Very close third would be Korpiklaani and between those three would probably be my 8 recordings for the usual.


----------



## Stwert (Feb 26, 2019)

FAST6191 said:


> Two is surprisingly hard... even desert island discs gives you 8 recordings (think LPs or whole albums), a book and a luxury.
> 
> Fortunately most people I like have dozens of albums to play with.
> 
> ...



You're going to get a lot of posts asking you what an LP is


----------



## burial (Feb 26, 2019)

It would have to be artists with long and varying careers....

Marilyn Manson

Ozzy/Sabbath (if that counts as 1)


----------



## FAST6191 (Feb 26, 2019)

Stwert said:


> You're going to get a lot of posts asking you what an LP is


Didn't think of that one.

If indeed you are one of the people likely to query me on the nature of such things then please click the save icon image below to be taken to an article discussing such matters.


----------



## Jokey_Carrot (Feb 26, 2019)

gorillaz and blur


----------



## Longshot56 (Feb 26, 2019)

Beerus said:


> does vocaloid and game instrumentals count?


Yeah, sure


----------



## PalindromicBreadLoaf (Feb 26, 2019)

How about Noteblock (from here, https://m.youtube.com/user/NoteBlockRemix) and Koji Kondo.


----------



## JaapDaniels (Feb 26, 2019)

Paul elstak and nosferatu (DJ's)


----------



## BORTZ (Feb 26, 2019)

Between the Buried and Me and Iron Maiden. Between both of their massive catalogues I should be ok.


----------



## Limoon (Feb 26, 2019)

probably Yes and uhhh Jamiroquai maybe?
Casiopea???


----------



## NJBoss (Feb 28, 2019)

Bette Middler and Barry Manilow.


----------



## DinohScene (Feb 28, 2019)

Can I substitute "2 artists" for 2 decades?


----------



## Longshot56 (Mar 1, 2019)

DinohScene said:


> Can I substitute "2 artists" for 2 decades?


Nope, just two people


----------



## Cyan (Mar 1, 2019)

Nobuo Uematsu

it's hard to choose only another one, I love too much composers, I'll pick randomly.
Yoko Kanno


I'll get lot of different styles with only these two composers.


----------



## drenal (Mar 1, 2019)

I listen to many different artists so I don't think I can choose only two


----------



## RyanAnayaMc (Mar 1, 2019)

This is a hard one, but if I had to pick two, I'd have to pick DragonForce and HammerFall.


----------



## Hanafuda (Mar 1, 2019)

Stwert said:


> Pink Floyd (you’d never have guessed from my pic ) and Eric Clapton.




I have over 100 dates of Pink Floyd bootlegs. Could keep you occupied and happy with that choice for a long time.


----------



## Deleted-351540 (Mar 2, 2019)

Easy. Killswitch Engage and August Burns Red.

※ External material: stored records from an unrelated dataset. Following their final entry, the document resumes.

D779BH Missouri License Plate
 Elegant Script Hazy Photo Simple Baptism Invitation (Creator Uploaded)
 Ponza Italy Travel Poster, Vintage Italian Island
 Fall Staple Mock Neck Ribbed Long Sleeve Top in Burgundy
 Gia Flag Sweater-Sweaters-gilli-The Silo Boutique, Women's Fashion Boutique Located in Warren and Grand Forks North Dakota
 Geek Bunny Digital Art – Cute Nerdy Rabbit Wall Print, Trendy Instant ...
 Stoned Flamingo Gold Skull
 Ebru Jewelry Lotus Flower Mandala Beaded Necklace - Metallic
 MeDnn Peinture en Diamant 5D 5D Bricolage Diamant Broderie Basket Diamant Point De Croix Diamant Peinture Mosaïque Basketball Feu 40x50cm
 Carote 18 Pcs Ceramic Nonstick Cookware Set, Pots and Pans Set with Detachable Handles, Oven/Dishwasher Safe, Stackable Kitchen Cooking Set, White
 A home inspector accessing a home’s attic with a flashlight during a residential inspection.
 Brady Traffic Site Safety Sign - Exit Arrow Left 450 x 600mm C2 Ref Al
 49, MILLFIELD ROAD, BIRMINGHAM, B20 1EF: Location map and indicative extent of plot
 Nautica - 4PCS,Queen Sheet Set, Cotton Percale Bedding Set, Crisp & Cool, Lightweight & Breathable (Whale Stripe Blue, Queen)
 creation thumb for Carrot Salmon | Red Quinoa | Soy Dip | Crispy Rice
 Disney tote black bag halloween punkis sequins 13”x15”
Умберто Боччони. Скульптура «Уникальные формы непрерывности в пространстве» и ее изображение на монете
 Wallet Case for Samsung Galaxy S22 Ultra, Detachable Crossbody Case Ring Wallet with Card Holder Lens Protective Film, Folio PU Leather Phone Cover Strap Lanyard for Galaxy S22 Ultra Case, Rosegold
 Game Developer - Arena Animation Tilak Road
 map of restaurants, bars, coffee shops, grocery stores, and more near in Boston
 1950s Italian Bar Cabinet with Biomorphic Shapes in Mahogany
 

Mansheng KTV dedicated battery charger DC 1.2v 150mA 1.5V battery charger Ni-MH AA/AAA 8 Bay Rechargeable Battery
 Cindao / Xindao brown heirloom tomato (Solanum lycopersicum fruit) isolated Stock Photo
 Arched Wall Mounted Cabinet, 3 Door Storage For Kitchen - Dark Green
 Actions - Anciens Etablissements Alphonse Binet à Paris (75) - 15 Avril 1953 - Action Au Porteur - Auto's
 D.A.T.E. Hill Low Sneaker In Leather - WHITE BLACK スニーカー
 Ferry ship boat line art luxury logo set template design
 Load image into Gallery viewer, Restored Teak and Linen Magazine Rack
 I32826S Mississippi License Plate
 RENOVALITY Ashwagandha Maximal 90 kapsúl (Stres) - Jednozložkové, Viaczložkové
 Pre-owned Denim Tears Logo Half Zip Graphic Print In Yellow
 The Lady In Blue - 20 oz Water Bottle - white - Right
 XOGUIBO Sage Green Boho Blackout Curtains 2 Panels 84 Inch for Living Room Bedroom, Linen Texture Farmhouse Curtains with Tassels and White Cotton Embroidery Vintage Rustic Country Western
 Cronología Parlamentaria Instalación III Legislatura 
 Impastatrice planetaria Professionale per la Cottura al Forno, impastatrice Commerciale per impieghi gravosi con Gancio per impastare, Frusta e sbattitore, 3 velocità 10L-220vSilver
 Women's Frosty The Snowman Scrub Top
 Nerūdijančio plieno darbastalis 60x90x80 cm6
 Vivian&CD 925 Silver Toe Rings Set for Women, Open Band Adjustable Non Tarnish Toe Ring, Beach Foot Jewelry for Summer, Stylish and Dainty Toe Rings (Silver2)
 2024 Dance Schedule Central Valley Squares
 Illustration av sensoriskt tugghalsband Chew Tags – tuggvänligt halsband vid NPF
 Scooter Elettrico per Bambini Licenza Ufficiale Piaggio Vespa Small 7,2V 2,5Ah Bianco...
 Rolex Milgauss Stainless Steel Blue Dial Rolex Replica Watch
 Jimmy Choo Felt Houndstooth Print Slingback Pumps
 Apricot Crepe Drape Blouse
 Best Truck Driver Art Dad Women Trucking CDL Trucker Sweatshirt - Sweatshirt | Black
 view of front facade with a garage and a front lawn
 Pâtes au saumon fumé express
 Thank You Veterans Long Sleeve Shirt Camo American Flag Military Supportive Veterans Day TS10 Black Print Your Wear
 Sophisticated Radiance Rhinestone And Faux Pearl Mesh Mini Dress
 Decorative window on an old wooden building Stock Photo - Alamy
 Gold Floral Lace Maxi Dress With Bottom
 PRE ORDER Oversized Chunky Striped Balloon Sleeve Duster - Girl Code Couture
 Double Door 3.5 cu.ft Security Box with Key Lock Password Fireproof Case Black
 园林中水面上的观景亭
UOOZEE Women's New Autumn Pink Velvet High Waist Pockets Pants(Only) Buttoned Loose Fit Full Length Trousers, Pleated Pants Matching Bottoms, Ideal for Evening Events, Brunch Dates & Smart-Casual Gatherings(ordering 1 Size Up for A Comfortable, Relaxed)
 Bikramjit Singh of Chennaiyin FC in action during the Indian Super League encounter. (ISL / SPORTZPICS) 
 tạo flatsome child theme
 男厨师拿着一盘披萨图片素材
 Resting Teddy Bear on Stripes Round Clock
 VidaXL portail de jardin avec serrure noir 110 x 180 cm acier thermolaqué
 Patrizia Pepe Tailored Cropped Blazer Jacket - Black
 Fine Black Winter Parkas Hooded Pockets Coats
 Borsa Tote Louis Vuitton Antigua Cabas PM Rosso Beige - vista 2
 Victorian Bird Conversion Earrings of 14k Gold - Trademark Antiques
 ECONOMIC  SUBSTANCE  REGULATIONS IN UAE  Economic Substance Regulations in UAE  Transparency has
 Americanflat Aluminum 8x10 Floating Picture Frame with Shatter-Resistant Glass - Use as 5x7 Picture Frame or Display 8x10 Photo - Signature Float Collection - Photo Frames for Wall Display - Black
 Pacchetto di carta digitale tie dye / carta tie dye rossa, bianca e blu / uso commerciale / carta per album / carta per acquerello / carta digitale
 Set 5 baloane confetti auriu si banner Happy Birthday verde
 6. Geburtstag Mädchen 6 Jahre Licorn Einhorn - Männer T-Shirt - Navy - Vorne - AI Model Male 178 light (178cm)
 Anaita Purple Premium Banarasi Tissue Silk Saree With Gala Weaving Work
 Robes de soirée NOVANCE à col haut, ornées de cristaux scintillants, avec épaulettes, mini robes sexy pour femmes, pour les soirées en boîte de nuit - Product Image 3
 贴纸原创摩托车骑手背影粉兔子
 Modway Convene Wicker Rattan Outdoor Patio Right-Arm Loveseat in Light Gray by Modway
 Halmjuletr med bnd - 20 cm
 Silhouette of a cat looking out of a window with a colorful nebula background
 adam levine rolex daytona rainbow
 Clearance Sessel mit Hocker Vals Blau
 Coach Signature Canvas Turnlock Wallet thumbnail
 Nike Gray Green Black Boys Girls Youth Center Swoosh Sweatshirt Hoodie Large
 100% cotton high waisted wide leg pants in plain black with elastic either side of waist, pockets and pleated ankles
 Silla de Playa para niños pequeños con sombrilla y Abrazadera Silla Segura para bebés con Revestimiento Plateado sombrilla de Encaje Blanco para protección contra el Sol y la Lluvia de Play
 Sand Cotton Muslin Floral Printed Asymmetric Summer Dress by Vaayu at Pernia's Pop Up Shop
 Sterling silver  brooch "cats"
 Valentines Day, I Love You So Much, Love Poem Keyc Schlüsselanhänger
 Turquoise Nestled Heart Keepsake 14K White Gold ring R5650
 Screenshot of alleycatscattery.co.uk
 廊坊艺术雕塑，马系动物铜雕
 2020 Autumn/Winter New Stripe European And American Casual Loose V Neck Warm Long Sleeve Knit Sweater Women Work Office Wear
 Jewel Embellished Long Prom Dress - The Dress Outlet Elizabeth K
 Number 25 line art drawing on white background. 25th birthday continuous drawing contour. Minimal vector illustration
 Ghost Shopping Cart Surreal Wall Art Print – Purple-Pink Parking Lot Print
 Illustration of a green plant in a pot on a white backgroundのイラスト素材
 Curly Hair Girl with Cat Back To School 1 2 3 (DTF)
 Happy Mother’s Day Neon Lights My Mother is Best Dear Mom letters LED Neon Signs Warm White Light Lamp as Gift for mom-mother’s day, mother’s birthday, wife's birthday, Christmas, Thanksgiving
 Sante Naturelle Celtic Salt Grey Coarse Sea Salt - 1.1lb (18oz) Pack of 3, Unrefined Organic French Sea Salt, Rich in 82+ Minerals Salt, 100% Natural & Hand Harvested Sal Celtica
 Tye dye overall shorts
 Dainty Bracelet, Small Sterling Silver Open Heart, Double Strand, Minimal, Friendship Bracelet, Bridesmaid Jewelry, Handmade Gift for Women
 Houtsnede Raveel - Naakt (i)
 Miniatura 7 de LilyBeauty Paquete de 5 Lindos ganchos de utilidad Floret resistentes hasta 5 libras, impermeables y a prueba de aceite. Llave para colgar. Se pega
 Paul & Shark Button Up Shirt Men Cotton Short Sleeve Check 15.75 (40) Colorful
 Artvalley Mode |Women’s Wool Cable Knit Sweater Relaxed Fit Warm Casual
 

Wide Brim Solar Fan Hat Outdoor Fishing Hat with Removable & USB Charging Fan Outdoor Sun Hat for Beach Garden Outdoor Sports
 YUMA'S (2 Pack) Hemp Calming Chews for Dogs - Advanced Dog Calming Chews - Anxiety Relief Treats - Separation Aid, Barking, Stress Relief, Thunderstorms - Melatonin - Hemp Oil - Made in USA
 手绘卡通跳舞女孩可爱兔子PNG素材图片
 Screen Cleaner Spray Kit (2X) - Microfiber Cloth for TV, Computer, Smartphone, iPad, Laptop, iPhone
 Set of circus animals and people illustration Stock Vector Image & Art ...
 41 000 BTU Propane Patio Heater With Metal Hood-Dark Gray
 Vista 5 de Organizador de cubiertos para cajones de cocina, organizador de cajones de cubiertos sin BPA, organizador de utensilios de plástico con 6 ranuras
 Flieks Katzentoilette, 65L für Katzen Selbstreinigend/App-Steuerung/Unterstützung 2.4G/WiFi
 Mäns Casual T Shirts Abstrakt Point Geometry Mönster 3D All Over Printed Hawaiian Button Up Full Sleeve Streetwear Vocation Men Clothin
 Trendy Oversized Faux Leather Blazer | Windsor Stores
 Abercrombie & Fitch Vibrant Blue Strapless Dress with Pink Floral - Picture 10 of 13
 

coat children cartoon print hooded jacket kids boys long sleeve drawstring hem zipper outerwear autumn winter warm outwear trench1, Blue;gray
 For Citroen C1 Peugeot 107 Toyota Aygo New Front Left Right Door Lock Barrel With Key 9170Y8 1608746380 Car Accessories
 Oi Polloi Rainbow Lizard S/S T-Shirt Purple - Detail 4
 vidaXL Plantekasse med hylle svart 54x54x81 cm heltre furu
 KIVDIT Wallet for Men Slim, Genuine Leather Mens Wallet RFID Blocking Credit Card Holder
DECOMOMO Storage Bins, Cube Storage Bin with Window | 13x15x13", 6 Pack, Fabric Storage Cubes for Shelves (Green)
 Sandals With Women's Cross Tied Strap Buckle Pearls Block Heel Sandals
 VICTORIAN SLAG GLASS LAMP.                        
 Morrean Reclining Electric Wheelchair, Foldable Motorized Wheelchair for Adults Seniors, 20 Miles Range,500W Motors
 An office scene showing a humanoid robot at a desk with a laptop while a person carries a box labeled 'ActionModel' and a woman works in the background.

I love Jesse Leach's singing/screaming style. Even in Times of Grace. Its just awesome. I also like that August Burns Red isn't afraid to bring in extra instruments and that they use the 7/8 timing quite frequently. And that they switch tempo midsong flawlessly. Each song can feel like two or three songs blended into one and it makes for interesting music.


----------



## nxwing (Mar 2, 2019)

Weezer for sure. Try listening to one song from each of their albums and you'll see why.


----------



## Jayro (Mar 2, 2019)

That's an easy one... *Three Days Grace* and *Icon For Hire*.


----------



## AmandaRose (Mar 2, 2019)

The Clash and Big Audio Dynamite.


----------



## link64uk (Mar 2, 2019)

David Bowie and Kate Bush


----------



## Deleted User (Mar 2, 2019)

Aphex Twin and Post Malone


----------



## D34DL1N3R (Mar 2, 2019)

Lilith Valentine said:


> Zeal & Ardor and Placebo



Hopefully we get a new Placebo album sooner than later, and hopefully it's better than both Battle for the Sun and especially the Zzzzzzzzzz-fest that was Loud Like Love. I used to be a huge, HUGE fan but imo the last truly great thing they released was Meds. So for me it's been like 12 years & I'm getting bored. Haha. I didn't care for the couple ep's they released either since Loud Like Love either.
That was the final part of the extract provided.